Ambiguous business cycles

Here is a new paper by Cosmin L. Ilut and Martin Schneider on how ambiguity aversion can give rise to a kind of real business cycle, augmented by nominal rigidities:

This paper studies a New Keynesian business cycle model with agents who are averse to ambiguity (Knightian uncertainty). Shocks to confidence about future TFP are modeled as changes in ambiguity. To assess the size of those shocks, our estimation uses not only data on standard macro variables, but also incorporates the dispersion of survey forecasts about growth as a measure of confidence. Our main result is that TFP and confidence shocks together can explain roughly two thirds of business cycle frequency movements in the major macro aggregates. Confidence shocks account for about 70% of this variation.

The AER version is here, there are various versions here.

By Kristoffer P. Nimark, here is a paper on “Man bites Dog” business cycles.

Comments

I have no expertise in this area, but in my lust to be first and offer a substantive comment I have quickly read the paper, and the excellent "man bites dog" article, and it seems this is a "Real Business Cycle" sleight of hand article, that attempts to show small changes in sentiment yield large changes in GDP. For example (to cite an extreme example): "What caused the Black Friday drop in the stock market in 1987, that eventually produced a corresponding 'wealth effect' negative change in GDP (though not, as was feared at the time, a recession)"? Answer according to this school: Congress mulling over some obscure tax changes that would hurt business. If you believe in this kind of cause-effect, which attempts to eliminate Keynes' animal spirits, I own the Brooklyn bridge.
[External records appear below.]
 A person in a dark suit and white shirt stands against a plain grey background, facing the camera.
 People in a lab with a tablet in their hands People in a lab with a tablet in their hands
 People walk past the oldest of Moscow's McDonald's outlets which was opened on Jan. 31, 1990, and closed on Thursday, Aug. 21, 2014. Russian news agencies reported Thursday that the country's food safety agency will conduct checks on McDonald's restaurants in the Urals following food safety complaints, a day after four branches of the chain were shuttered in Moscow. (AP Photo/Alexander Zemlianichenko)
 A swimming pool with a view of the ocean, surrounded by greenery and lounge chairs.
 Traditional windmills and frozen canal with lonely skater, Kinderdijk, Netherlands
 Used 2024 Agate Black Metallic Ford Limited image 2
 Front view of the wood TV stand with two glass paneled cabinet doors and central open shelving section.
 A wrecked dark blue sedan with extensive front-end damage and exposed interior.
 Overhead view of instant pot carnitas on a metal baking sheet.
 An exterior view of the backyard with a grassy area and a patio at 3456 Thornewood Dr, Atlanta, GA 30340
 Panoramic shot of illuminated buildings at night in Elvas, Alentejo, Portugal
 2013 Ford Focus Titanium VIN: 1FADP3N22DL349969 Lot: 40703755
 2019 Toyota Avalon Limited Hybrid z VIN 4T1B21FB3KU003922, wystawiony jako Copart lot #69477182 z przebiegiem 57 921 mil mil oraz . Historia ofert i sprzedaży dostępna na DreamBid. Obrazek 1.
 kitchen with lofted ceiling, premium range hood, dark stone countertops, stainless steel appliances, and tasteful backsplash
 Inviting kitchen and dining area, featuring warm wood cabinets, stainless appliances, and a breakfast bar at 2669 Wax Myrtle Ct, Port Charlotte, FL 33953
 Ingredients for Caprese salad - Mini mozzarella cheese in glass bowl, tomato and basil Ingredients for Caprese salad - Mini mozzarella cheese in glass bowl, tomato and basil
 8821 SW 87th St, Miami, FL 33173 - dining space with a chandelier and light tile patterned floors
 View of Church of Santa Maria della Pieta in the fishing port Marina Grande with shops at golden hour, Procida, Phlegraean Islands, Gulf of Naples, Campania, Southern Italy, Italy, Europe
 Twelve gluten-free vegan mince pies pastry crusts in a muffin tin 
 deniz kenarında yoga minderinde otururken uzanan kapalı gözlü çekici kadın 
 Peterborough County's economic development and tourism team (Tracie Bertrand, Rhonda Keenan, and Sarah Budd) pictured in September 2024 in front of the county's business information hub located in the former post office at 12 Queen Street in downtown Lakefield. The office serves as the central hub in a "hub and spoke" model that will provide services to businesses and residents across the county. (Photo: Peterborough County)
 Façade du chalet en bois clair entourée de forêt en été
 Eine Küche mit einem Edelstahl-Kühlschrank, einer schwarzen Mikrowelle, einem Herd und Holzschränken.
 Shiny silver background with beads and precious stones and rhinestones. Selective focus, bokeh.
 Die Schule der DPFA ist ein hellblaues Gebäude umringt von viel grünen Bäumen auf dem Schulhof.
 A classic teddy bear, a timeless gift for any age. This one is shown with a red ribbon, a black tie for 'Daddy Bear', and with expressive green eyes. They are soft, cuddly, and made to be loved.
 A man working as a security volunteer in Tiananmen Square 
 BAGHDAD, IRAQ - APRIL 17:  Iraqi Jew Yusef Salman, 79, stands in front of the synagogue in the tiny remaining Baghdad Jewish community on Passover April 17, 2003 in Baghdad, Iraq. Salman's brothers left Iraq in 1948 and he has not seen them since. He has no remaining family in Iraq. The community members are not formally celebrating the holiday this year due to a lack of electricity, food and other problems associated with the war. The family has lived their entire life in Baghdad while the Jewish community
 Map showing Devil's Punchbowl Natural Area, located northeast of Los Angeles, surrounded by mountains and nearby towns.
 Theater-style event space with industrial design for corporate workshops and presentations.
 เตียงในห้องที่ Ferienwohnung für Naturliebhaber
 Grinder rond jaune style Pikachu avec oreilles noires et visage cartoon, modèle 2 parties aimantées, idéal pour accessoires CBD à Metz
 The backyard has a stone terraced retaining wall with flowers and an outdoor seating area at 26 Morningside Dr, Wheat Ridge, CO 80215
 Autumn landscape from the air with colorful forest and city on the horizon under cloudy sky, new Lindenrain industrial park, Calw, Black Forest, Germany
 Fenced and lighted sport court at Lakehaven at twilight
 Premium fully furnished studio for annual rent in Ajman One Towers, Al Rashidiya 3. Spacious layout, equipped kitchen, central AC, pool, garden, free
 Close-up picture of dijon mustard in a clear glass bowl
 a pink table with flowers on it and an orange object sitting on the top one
"I have no expertise in this area"

That is abundantly clear.

The business cycle has already been explained here:
http://www.kc.frb.org/publicat/sympos/2007/pdf/leamer_0415.pdf

"Housing is the Business Cycle" by E. Leamer? Sounds crackpot. But given Piketty's data maybe in the Great Stagnation society in which we live, maybe not so crackpot after all.

Solar cycles, weather cycles, climate cycles, drought cycles, political cycles, fashion cycles......everything recorded in economics, including the central bank's policy, are expressions of the underlying cycle, not the cause of it.

The underlying cycle is the menstrual cycle.